We Need to Save Wetlands
Wisconsin weather records show our annual rainfall continues to rise. The increase has begun to overwhelm our wetlands’ ability to absorb the additional water volume and flow. Flooding is getting worse. This not only damages homes and property. It carries more pollutants into streams and lakes, ultimately affecting the quality of our drinking water.
Wetlands act like filtering sponges in our ecosystem. They temporarily hold back and then slowly release surges in rainfall, to help manage flooding. And they capture and store carbon, which reduces atmospheric greenhouse gases.
Wisconsin has already lost 50% of its original wetlands, and we can’t afford to lose more. Groundswell helps protect wetland. One of our conservation successes is 84 acres of wetlands along Six-Mile Creek, that continues to reduce flooding in Waunakee and keep Lake Mendota cleaner by naturally filtering the creek water that runs into it. Click the Story tab to learn more about the Six-Mile Creek wetland.
Patience Pays Off
When Dave O’Malley was a boy, he didn’t think of the marsh as an important watershed that’s protecting Dane County’s lakes. It was just a place for grazing cattle and childhood adventures. It was a spot to build rafts, enjoy camping trips or go fishing for chubs.
“The only thing we thought about was where the fish were,” O’Malley said.
As adults, O’Malley and his siblings came to understand the larger value their family farm had to the environment. It’s a high-quality wetland that includes 6-Mile Creek and it has a big benefit to the surrounding landscape. The marsh acts as a natural sponge, retaining, filtering and slowly releasing floodwater before it rushes into the Village of Waunakee or Lake Mendota.

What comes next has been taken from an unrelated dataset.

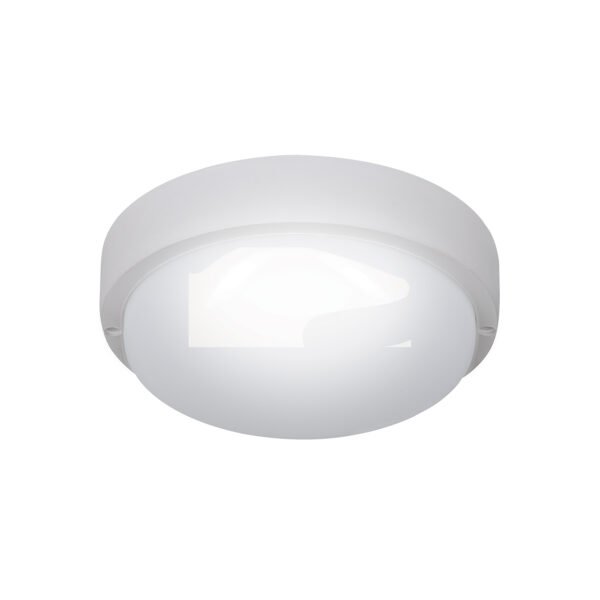 Plafón decorativo de LED 15 W redondo para baño Volteck 46262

While wetlands are a defense against flooding and other impacts of climate change, they are a fast-disappearing resource. Only about half of Wisconsin’s original wetlands remain.
But the 84-acre O’Malley parcel is not going anywhere. It’s permanently protecting the watershed, reducing flooding and providing a natural space for the community to enjoy.
“It would not have happened without Groundswell,” O’Malley said.
The land has been part of the O’Malley family since the 1800s. Groundswell worked for four years to orchestrate a land deal that transferred ownership of the property to the Village of Waunakee. Funding and other support to purchase the property came from the Knowles-Nelson Stewardship Program, Dane County Conservation Fund, North American Wetlands Conservation Act, the Village of Waunakee, the Town of Westport, and supporters of Groundswell, including the Estate of Marie Fraser.
The property is located on the western edge of Waunakee and it’s now open for public use.
“You can kill two birds with one stone,” O’Malley said. “You can protect water quality and have flood control for the village and then you can also have a conservancy and recreation area for people to come out and enjoy.”
When he was a boy, O’Malley marveled at the spawning Lake Monona northern pike that he encountered in the marsh. How in the world could the fish travel so far?
O’Malley said the land will continue to be a place where the community can connect with the wonders of nature.